さらに、全日本トラック協会が2016年にまとめた統計資料「法令違反別の死傷者事故件数及び構成率」から、事故全体を見ると最も多い原因は安全不確認だが、死亡事故に限ると、最も多い原因が漫然運転であることを指摘した。そして物流業者としての経験から、「漫然運転は最も危険で対策を打ちにくい」と語った。実際に、日立物流でも目を開けたままでも追突事故を起こしてしまったという例があるという。
そのような事故を起こした運転手の話を聞いてみると、「家族が病気で入院していて気になっていた」「親の介護で疲れ切っていた」と、個人的に重大な課題を抱えており悩んでいたことが分かった。そのため、目は開いているけれど、見ていないという状態、つまり漫然運転状態になって、瞬間的に意識が飛んでいたと考えられるという。
日立物流では運行出発前に、必ず運行管理者と運転手が対面で点呼をしているが、舘内氏は「このような事故は通常の点呼による健康状態の確認だけでは防げない」と語った。

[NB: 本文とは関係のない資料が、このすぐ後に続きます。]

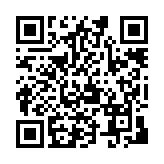 QR�R�[�h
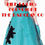 Thumbnail: #1239 - Poodle Skirt Girl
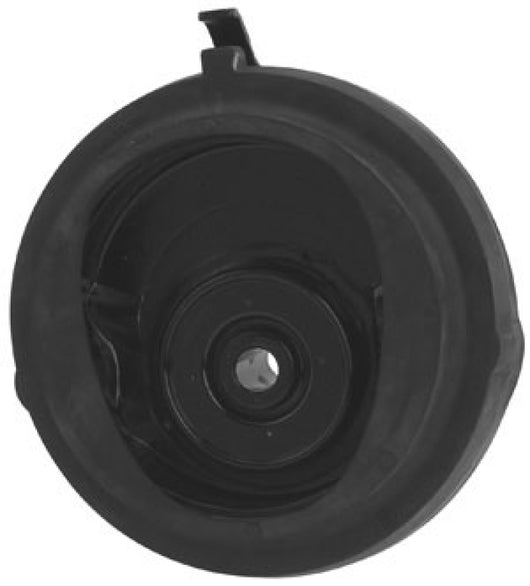 KYB Shocks & Struts Strut Mounts Rear FORD Escort 1991-03 MAZDA 323 1990-94 MAZDA MX3 1992-95 MAZDA - SM5046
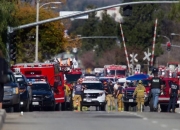 直击现场！决赛中美国队如何完成遭遇淘汰？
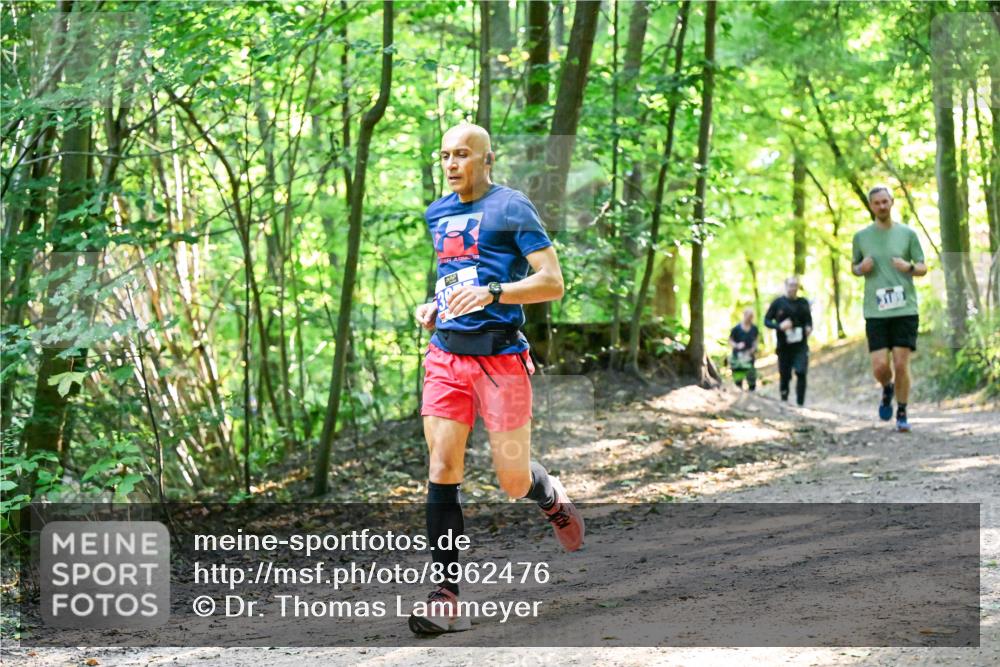 28.09.2025 - 33. Volkslauf durch das schöne Alstertal Dr. Thomas Lammeyer http://msf.ph/oto/8962476 28.09.2025 11:11:19 Laufen  meine-sportfotos.de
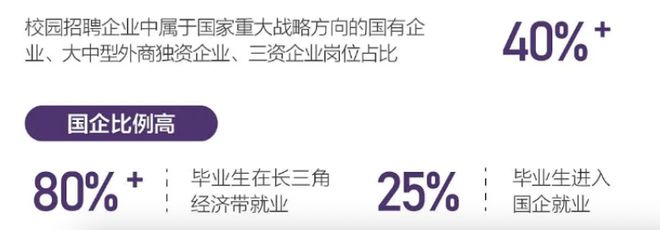 离谱!亚运女足神奇出线:3场1分丢10球,淘汰赛战中国女足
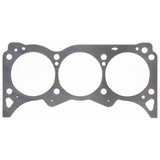 Fel-Pro Buick LeSabre 9644 PT PermaTorque Engine Cylinder Head Gasket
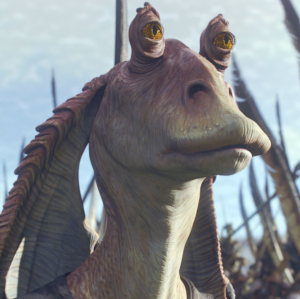 1jpg — Star Wars Character Ranking (Films Only) option 21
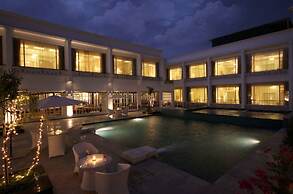 FAIRLIE HOTEL&RESORTS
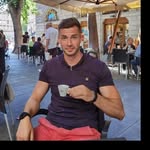 Bruno Vincent - @brunovincent341 - Instagram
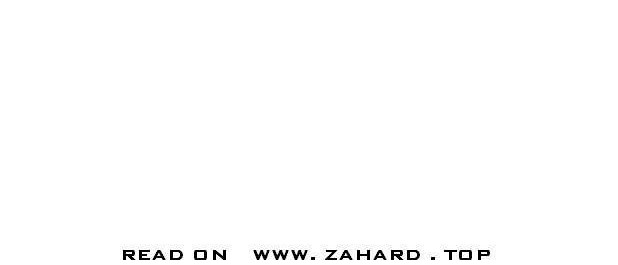 Wind Breaker Chapter 347 Gambar 19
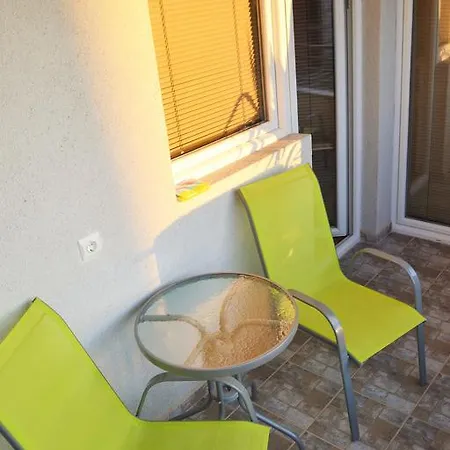 Felix Center * Skopje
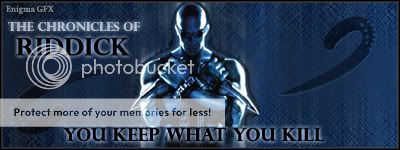 Riddick2copy.jpg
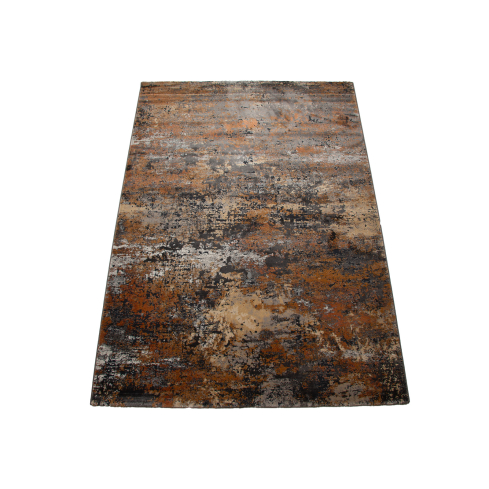 Vaip CANYON 52071-3888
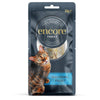 Encore Cat Mackerel Loin || Encore || view 1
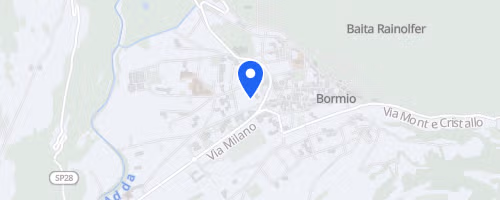 Alta Valtellina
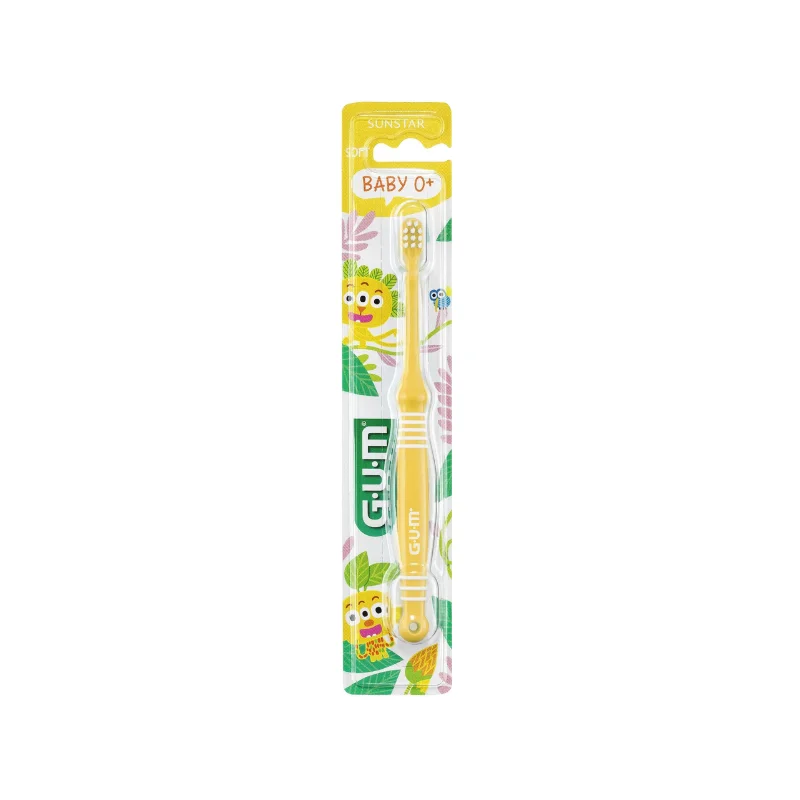 farmaciaimperial-1211656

先述の問題を解決し、事故を防いで運転手の命を守る。そのために「スマート安全運行管理システム(Smart & Safety Connected Vehicle:SSCV)」の開発を進めていると開発に至った経緯を説明した。
「後付け可能」と「つながること」が絶対条件
近年は、緊急時自動ブレーキシステムを搭載しているトラックも増えているが、日立物流で運用している車両をすべてこのシステムを搭載しているものに入れ替えるには、かなりの時間とコストがかかってしまう。後付け可能な緊急時自動ブレーキシステムがあれば望ましいが、舘内氏は「残念ながら実現可能性は低い」と考えているという。
組織として事故防止に取り組む以上、いつ、何回、危険な状況が発生したのかなどのデータを管理者が把握できなければならないが、通常、このようなことは運転手しか知らない。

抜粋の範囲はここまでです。